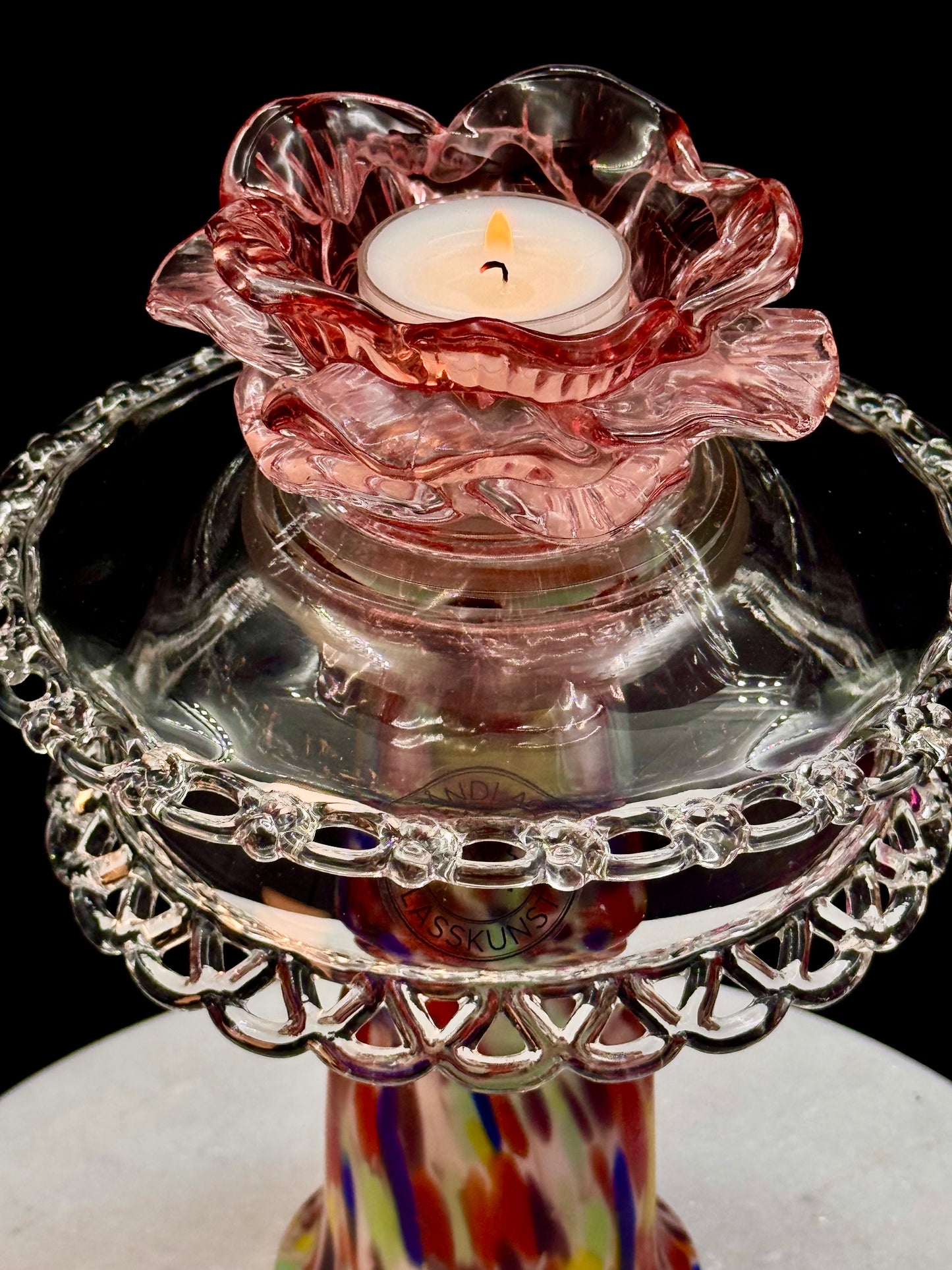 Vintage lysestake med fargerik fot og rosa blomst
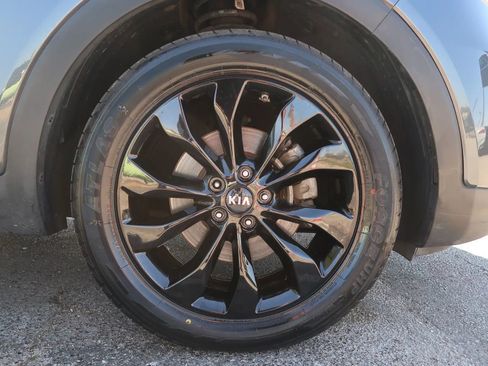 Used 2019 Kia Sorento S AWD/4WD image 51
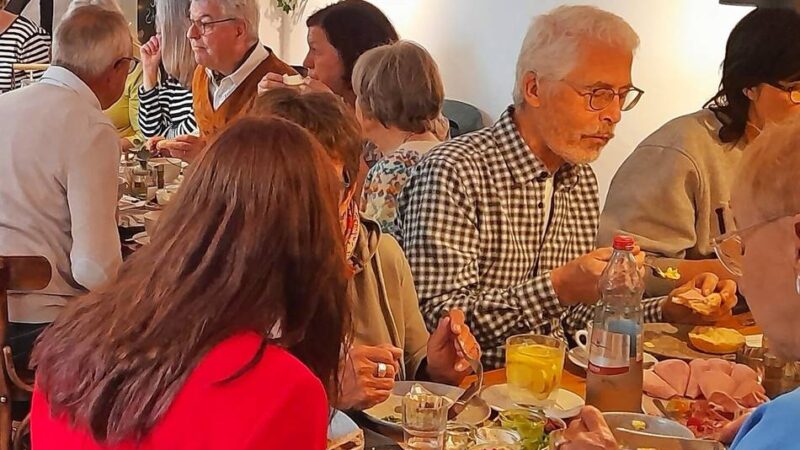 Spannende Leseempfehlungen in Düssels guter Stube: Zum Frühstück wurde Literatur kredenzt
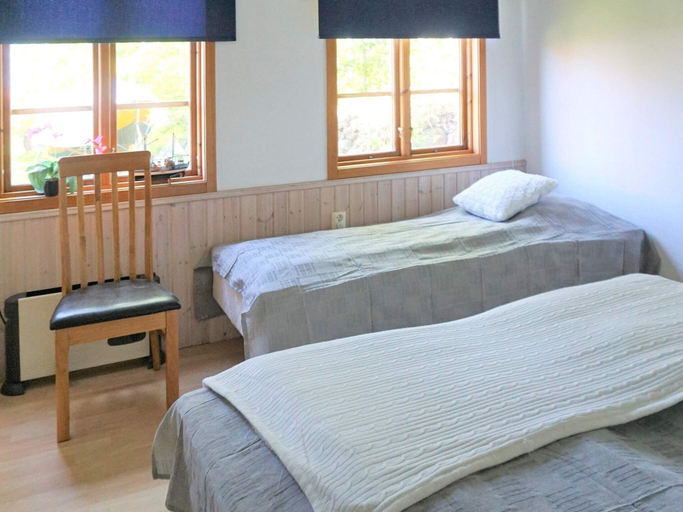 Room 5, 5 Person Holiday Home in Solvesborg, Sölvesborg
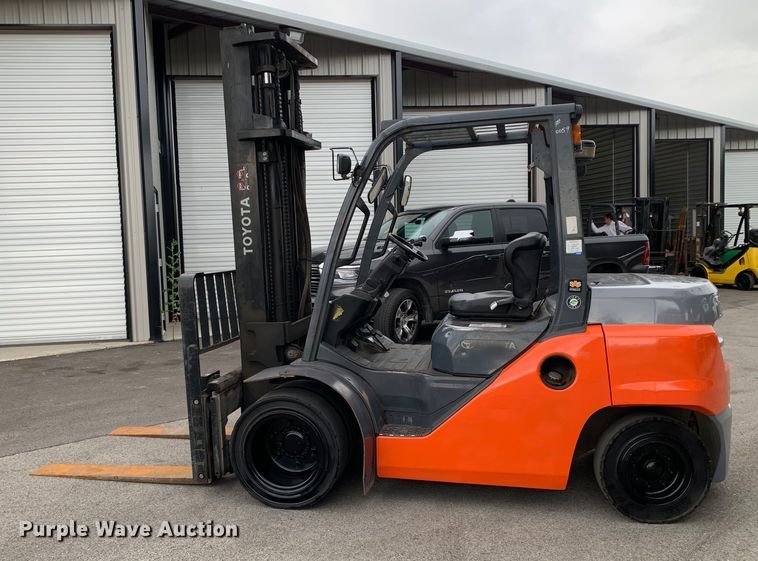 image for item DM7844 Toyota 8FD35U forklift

To do
Starting at the line that holds "Spannende Leseempfehlungen in", copy each line exactly through the end of the listing, both ends included. Leave the pictures out.

Task answer
 Spannende Leseempfehlungen in Düssels guter Stube: Zum Frühstück wurde Literatur kredenzt
 Room 5, 5 Person Holiday Home in Solvesborg, Sölvesborg
 image for item DM7844 Toyota 8FD35U forklift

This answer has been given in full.